Cerca del final (8:6), la joven advierte sin ingenuidad alguna, que no faltarán amenazas mortales ; sin embargo, no hay quien pueda “apagar el amor (ahaváh)…No lo podrán las aguas embravecidas. Vengan los torrentes, no lo ahogarán”.
Quien llegue a leer el Cantar, reconocerá en el Cántico espiritual de san Juan de la Cruz, mil quinientos años después, un eco directo del libro hebreo: “Gocémonos, Amado, y vámonos a ver en tu hermosura al monte y al collado do mana el agua pura; entremos más adentro en la espesura”. Los encuentros amorosos, comentados en prosa por el autor mismo, son una representación poética del “venir a vivir vida de amor dulce y sabroso en Dios…compuesto en amor de abundante inteligencia mística”.
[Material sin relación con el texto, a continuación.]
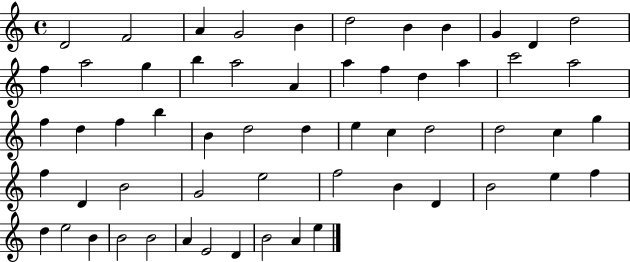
D4/h F4/h A4/q G4/h B4/q D5/h B4/q B4/q G4/q D4/q D5/h F5/q A5/h G5/q B5/q A5/h A4/q A5/q F5/q D5/q A5/q C6/h A5/h F5/q D5/q F5/q B5/q B4/q D5/h D5/q E5/q C5/q D5/h D5/h C5/q G5/q F5/q D4/q B4/h G4/h E5/h F5/h B4/q D4/q B4/h E5/q F5/q D5/q E5/h B4/q B4/h B4/h A4/q E4/h D4/q B4/h A4/q E5/q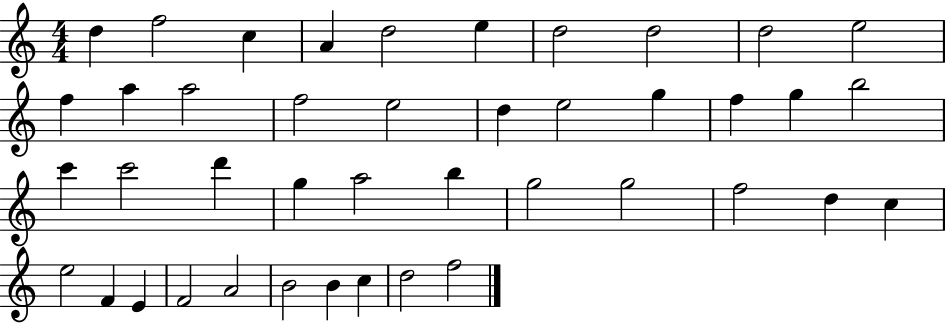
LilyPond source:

{
  \clef treble
  \numericTimeSignature
  \time 4/4
  \key c \major
  d''4 f''2 c''4 | a'4 d''2 e''4 | d''2 d''2 | d''2 e''2 | \break f''4 a''4 a''2 | f''2 e''2 | d''4 e''2 g''4 | f''4 g''4 b''2 | \break c'''4 c'''2 d'''4 | g''4 a''2 b''4 | g''2 g''2 | f''2 d''4 c''4 | \break e''2 f'4 e'4 | f'2 a'2 | b'2 b'4 c''4 | d''2 f''2 | \break \bar "|."
}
Tal es el remedo del Cantar el estilo elegido por Juan de Yepes, que tampoco quiso prescindir de la “morena” que protagoniza al Cantar: “No quieras despreciarme que si color moreno en mi hallaste”. En el texto hebreo precedente, la joven requirió adelantarse a dicha objeción: “Soy morena (shejoráh) pero bonita, hijas de Jerusalem…El sol fue el que me tostó. Los hijos de mi madre, enojados contra mí, me pusieron a cuidar las viñas”, he aquí la razón. Muy lejos de todo reparo a la tez oscurecida, el amante se prodiga en elogios: “Qué bella eres, amada mía, qué bella eres. Tus ojos son como palomas detrás de tu velo, tus dientes, ovejas esquiladas que acaban de bañarse…”, y así de seguido.
Misión cumplida, si hemos despertado el apetito por el Cantar de los cantares, y por extensión, al poemario de san Juan de la Cruz.